Hoechucking might seem tobe more time consuming but its not if your working in areas where its not feasable to use a grapple yarder or a skidder. The trees range from 12"s to 36"s in diameter and up to 70 feet long all hand falled sometimes a buncher is used but most of the time its a westcoast faller and his saw. After all the logs have been chucked the machine goes back and piles up the branches into slash piles that will be burned later the piles are stacked 20-25 feet high.

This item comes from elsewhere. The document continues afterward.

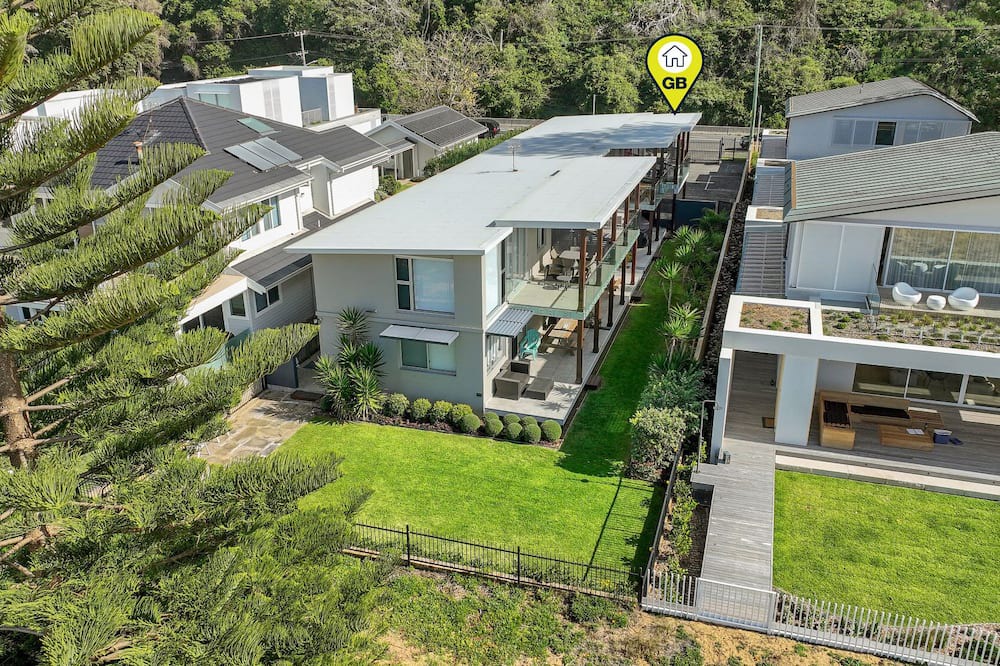 Avoca Beach Apartment | Nirvana Court-Absolute Beachfront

Most excavators here are set up todo double duty build road and hoechuck so the machine has a riser in the cab to give the operator better visability chucking. A standard road builder doesn't have a riser but its got a highwalk chassis so when you walking in the cut block the machine doesn't get hung up. The ground isn't flat the machine is usually teetering on big rocks stumps etc rolling over is a concern.

East Coast logging is alot different from here on the West Coast where you use 5-10 ton farm tractors to skid logs we use 35-50 ton excavators and bulldozers. No offence but its funny seeing the pictures of the equipment you guys use back east man its very small scale.


----------



## Harley (Apr 4, 2003)

Thanks for the explanation.
I kindof thought it had something to do with an excavator, but I didn't imagine that you would move from pile to pile down hill.

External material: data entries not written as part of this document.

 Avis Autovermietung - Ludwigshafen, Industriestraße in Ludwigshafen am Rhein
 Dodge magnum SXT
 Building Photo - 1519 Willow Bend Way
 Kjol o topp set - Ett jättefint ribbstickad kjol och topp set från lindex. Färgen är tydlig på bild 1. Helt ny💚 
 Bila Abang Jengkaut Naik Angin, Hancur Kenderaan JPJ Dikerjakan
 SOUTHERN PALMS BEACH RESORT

Don't get the impression of east coast logging from me. I just cut firewood on a farm and use whats available to help me. Ryan might be a different story though.


----------



## Ryan Willock (Apr 7, 2003)

the John Deere is a 53 hp (engine hp) the New Holland is 40hp. The winch is an Igland 4001 and it cost me $2,500 at a show list is like $2,800 plus frieght I think. For what I do right now I don't need a bigger skidder although I probably will eventually get a JD540 like John's Where I'm cutting right now I'm cutting and skidding anywhere from 15-30 tons per day by myself. Some of my skids are a half mile!! the area is in acessable to a log truck or a small forwarder, one of the JD or Timber Jack forwarders would be great but cost just a little more than I can afford (about $200,000+ more ) I looked at quite a few different skidders before buying that one, Norse (owned by Igland) Farmi and a couple of others but settled with the Igland, GREAT winch by the way


----------



## StIhL MaGnUm (Apr 7, 2003)

Hey Ryan if your really interested in getting a real skidder I know where there is a Clark 664 or 666 cable skidder in NC for $3,500..??Let me know if your interested.

Rob.


----------



## StIhL MaGnUm (Apr 7, 2003)

.


----------



## Ryan Willock (Apr 7, 2003)

what year and what kind of shape???


----------



## logcutter429 (Apr 7, 2003)

Clarks were top notch skidders lots of them in use here still, make sure the transmissions good, costs an arm and leg too get them fixed.


----------



## bwalker (Apr 9, 2003)

I looked at a Clark awhile back. From the guys I talked too they where a good machine. I didnt end up buying because they guy i had looking it over said the engine needed a rebuild kit. Looking back I should have bought it because it was dirt cheap and a recon kit for a detroit is fairly cheap.


----------



## Ryan Willock (Apr 9, 2003)

I would like to have a "full size" skidder but I don't really need one, in fact most people that I deal with wouldn't even consider letting one on their property. The John Deere does a good job and I'm happy with it.


----------



## StIhL MaGnUm (Apr 10, 2003)

I agree with you there Ben the Clark machines are a very good mid size skidder I have a buddy who has a 668 with a grapple on it and he loves it and has owned it for over 20 yrs and still uses it all the time on his 100 acre woodlot..They are great machines if you don't mind listening to the screamin' Detroit.. ..

IF anyone else would be interested in the 664 just let me know..

 Rob.


----------



## Climber2 (May 3, 2003)

What's wrong with the 664 and what size tires?

Mike


----------



## StIhL MaGnUm (May 3, 2003)

Climber2,

The 664 was sold about two weeks ago to a guy in NC..I don't remember what size the tires were..

Rob.


----------